"""
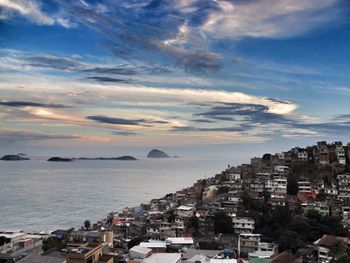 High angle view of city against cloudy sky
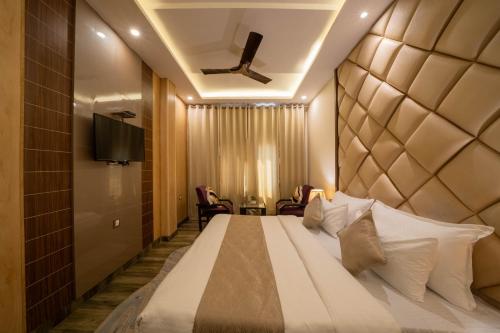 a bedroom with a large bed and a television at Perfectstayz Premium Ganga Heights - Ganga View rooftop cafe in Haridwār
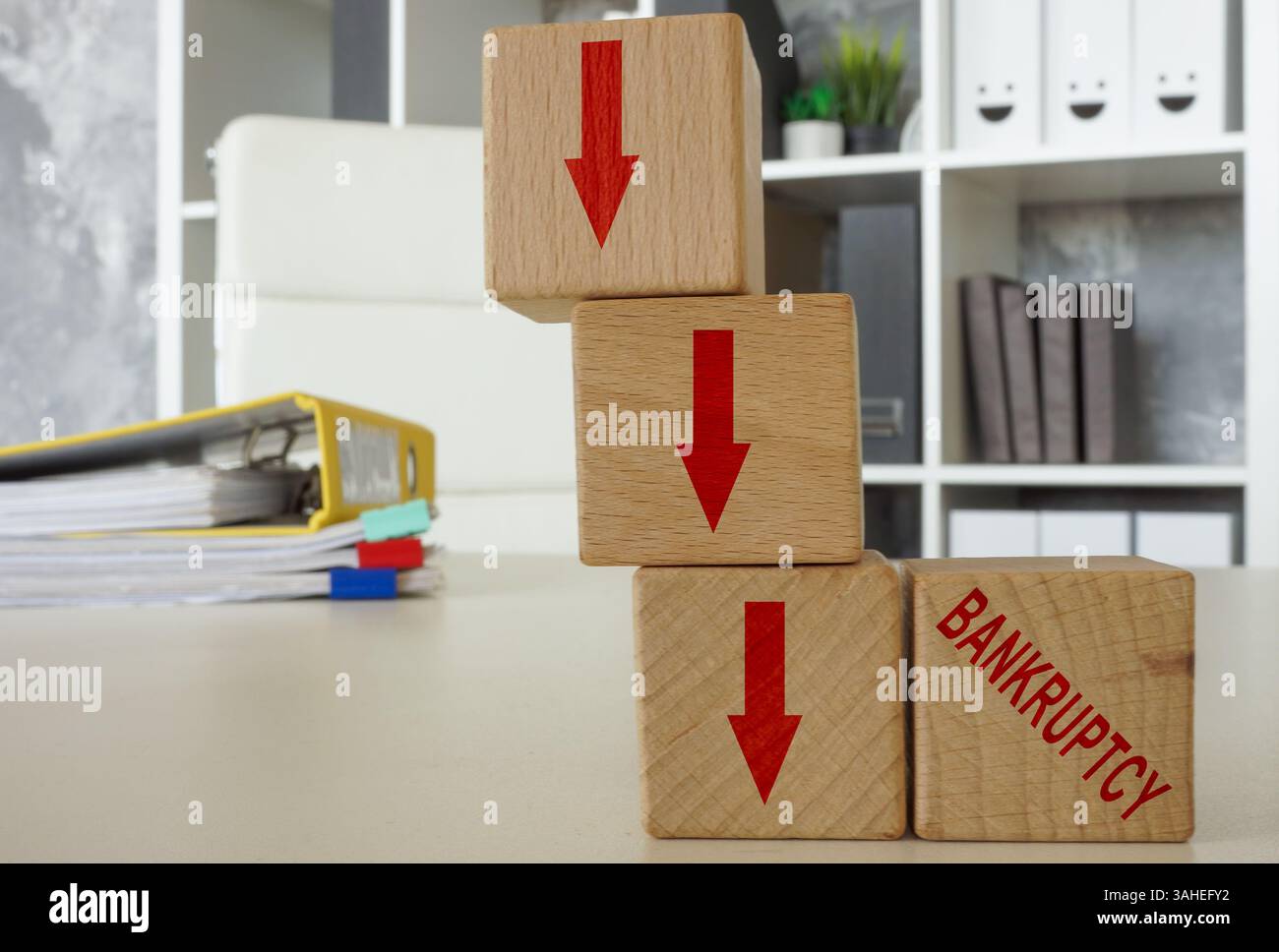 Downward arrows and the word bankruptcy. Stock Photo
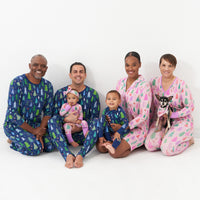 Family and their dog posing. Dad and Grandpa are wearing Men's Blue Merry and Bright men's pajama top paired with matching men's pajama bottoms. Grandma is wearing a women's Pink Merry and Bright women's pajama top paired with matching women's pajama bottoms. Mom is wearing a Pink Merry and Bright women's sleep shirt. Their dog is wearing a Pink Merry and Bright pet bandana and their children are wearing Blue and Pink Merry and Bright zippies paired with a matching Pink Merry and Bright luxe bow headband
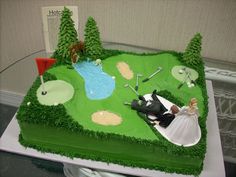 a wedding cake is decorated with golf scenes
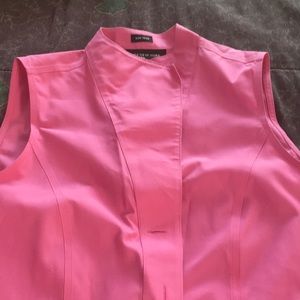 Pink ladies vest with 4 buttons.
"""
"""
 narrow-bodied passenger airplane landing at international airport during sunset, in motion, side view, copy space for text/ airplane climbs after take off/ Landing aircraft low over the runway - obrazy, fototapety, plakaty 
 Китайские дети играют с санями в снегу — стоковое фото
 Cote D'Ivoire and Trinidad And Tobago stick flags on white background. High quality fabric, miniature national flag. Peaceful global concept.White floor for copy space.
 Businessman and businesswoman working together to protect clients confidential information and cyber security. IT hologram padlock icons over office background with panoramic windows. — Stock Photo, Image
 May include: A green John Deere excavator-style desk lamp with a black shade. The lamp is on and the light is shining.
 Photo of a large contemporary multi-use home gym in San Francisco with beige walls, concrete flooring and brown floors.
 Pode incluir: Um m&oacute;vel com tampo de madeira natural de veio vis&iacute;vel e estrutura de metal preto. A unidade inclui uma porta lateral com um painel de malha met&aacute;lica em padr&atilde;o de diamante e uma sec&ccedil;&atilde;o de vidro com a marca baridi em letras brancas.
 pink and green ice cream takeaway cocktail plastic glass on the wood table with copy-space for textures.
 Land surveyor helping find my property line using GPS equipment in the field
"""
## Work instruction
Among the entries above, the lines between the ones containing "Businessman and businesswoman" and "May include: A", inclusive, are to be transcribed exactly. No other line is to be given.

## Task solution
 Businessman and businesswoman working together to protect clients confidential information and cyber security. IT hologram padlock icons over office background with panoramic windows. — Stock Photo, Image
 May include: A green John Deere excavator-style desk lamp with a black shade. The lamp is on and the light is shining.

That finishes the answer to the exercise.